We’ve seen how to fill out basic forms, but there’s a lot more to the internet than filling out forms. UBot Studio strives to automate everything you can do on the web. Chances are you’ll run into all manner of craziness in your adventures out there, and UBot Studio gives you the necessary tools to deal with anything that comes your way.
One of the most fundamental things you can do in a web browser (maybe even more fundamental than filling forms) is navigating. Navigating is pretty straightforward – just point your uBot at a url and watch it go. There is one significant gotcha though. By default, when you navigate to a url, the navigate command will wait for the page to load before moving on. If it didn’t, an unsuspecting uBot might try to interact with a page that wasn’t loaded yet, leading to bugs. However, this waiting mechanism can sometimes get in your way. For instance, some web pages fail to ever fully load, which means the navigate command will hang (until the 30 second timeout). Other times, you might want to navigate to an anchor url (like the sections in a wikipedia page), in which you don’t actually need to wait for anything. For these reasons, the navigate command has an advanced parameter, called “Wait”. This gives you the ability to override the default waiting behavior so that you can specify it on your own.
We’re not going to test the navigate command in this tutorial, because if we did, it would navigate you away from this tutorial. But here’s a gif to show you what it does.
Sometimes, the html you want to load isn’t actually on the web at all. Maybe you’d rather load html from a variable or a file. You can do so with the load html command.
Modern website have a lot of fancy behaviors. Sometimes, the link you want to click doesn’t appear until you move your mouse over a menu or a thumbnail image. For these situations, we have the mouseover command.

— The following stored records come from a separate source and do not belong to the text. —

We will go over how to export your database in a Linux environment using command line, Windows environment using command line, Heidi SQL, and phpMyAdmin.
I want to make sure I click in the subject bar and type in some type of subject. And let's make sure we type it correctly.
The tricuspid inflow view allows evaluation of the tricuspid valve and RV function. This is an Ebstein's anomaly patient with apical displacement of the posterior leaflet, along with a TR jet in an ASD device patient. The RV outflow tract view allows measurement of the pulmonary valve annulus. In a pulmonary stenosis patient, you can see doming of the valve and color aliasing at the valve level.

The change attribute command let’s you manually change any attribute you’d like on an element. With normal web browsing, typing into a textbox changes the value attribute, clicking a checkbox changes the checked attribute, and so on. The change attribute command let’s you change those attributes, but also things like a paragraph’s inner text, or whether a form field is enabled. You might not need it that much, but when you do, it puts a lot of power in your hands.

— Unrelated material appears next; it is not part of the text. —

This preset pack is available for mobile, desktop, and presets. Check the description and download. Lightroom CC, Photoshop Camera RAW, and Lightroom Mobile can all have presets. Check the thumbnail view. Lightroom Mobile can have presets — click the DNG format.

But at the end of the day, after all the clicking and typing and navigating, some people just want to look at a web page. Well, UBot Studio can do that too. The save browser image command allows you to save an image of the current web page in any format. The save element image command allows you to save an image of just a single element. This is particularly useful when you need to use a captcha service that isn’t built into UBot Studio.

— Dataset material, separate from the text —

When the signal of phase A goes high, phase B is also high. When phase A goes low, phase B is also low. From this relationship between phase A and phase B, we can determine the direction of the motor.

Again, the purpose of these tutorials isn’t to review every command, but hopefully you now have a sense of what is possible with UBot Studio. One the face of it, these commands are just pretty blue blocks. But the web is a big, complex, messy place. Behind the scenes, those pretty blue blocks are doing an incredible amount of work to make the process of building uBots simple. And all that power is in your hands, in the shape of a pretty blue block.